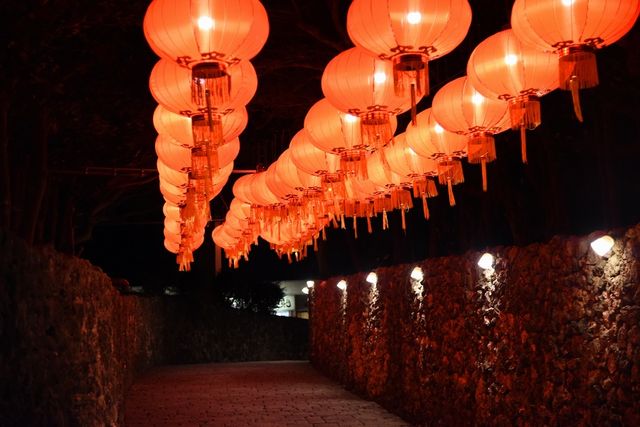 一年一度的「琉球燈會」將於讀谷村登場！
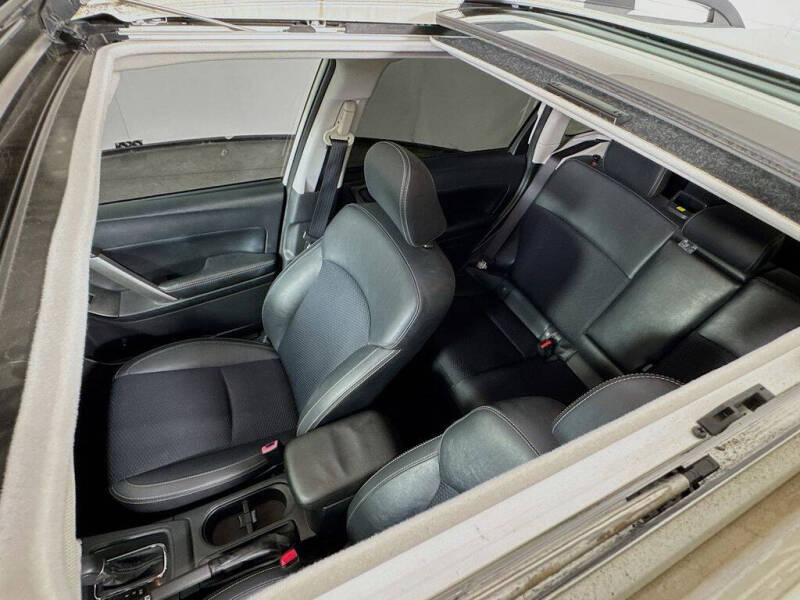 2017 Subaru Forester 2.0XT Premium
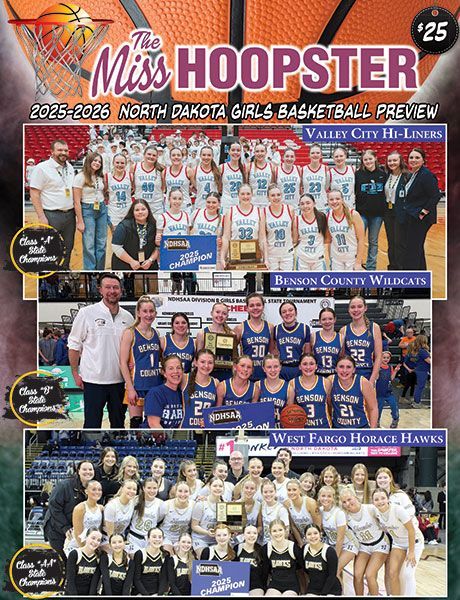 ND Girls Basketball Preview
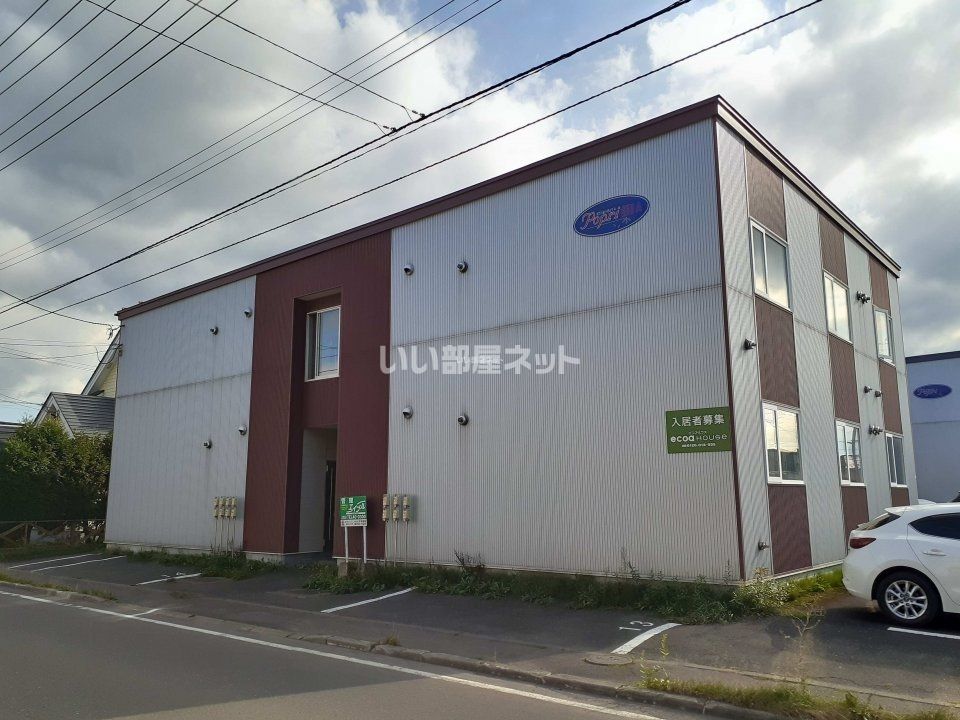 ポプリ緑町Aの外観画像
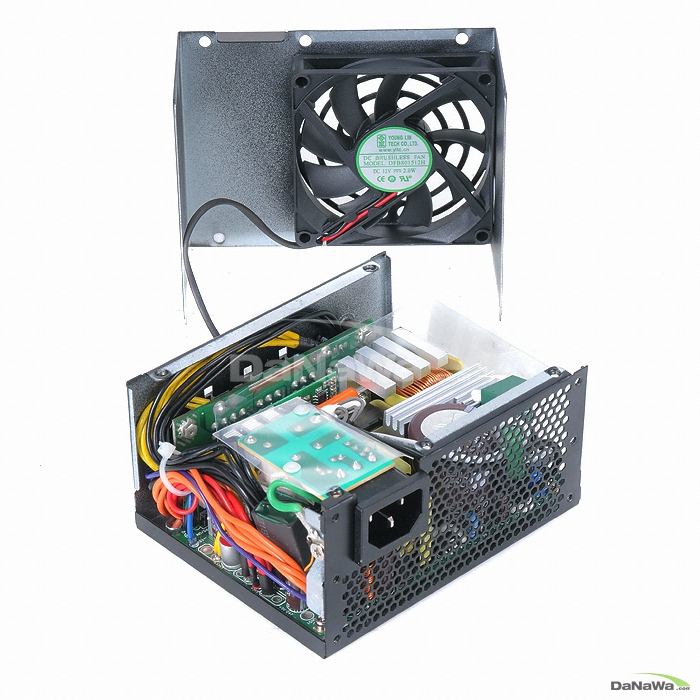 SilverStone STRIDER SFX ST45SF-G 아이보라_이미지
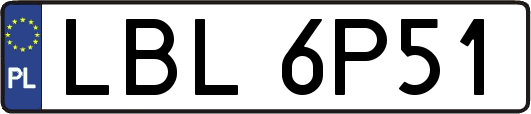 LBL6P51
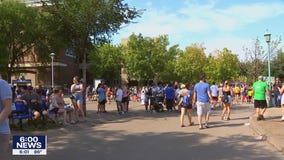 Crowds return to Minnesota State Fair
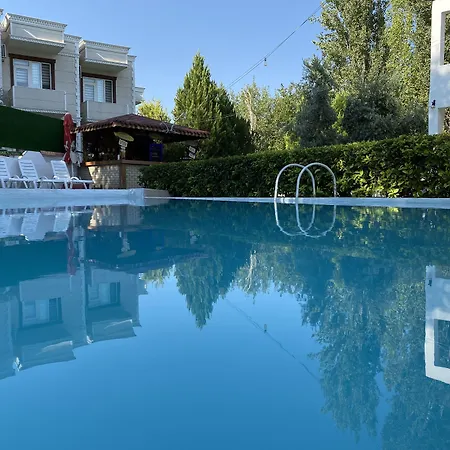 Πανσιόν Sunrise Aya Παμούκαλε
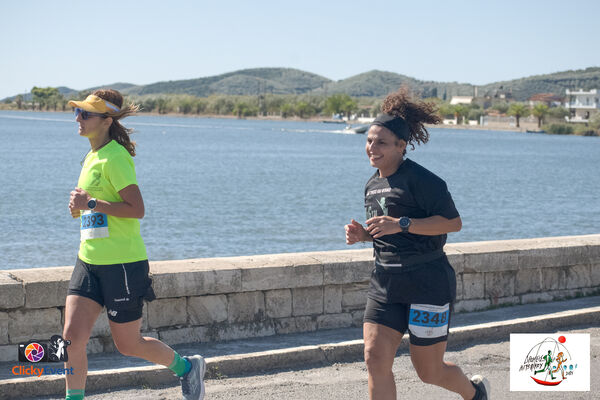 1ος Γύρος Λιμνοθάλασσας Αιτωλικού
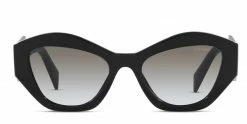 Prada PR 07YS Shiny Black -Polette Eyeglasses Sales w1280h1280 205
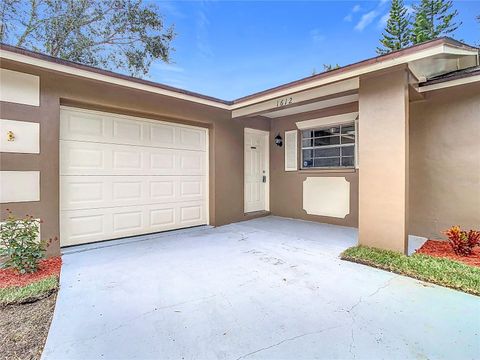 A home in TARPON SPRINGS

● ● ● ● ● ● ●

**TASK GOAL:** From the line with "2017 Subaru Forester 2.0XT Premium" down to the last line of the entries above, set down every line exactly, apart from the pictures.

**RESPONSE TO THE TASK:**
 2017 Subaru Forester 2.0XT Premium
 ND Girls Basketball Preview
 ポプリ緑町Aの外観画像
 SilverStone STRIDER SFX ST45SF-G 아이보라_이미지
 LBL6P51
 Crowds return to Minnesota State Fair
 Πανσιόν Sunrise Aya Παμούκαλε
 1ος Γύρος Λιμνοθάλασσας Αιτωλικού
 Prada PR 07YS Shiny Black -Polette Eyeglasses Sales w1280h1280 205
 A home in TARPON SPRINGS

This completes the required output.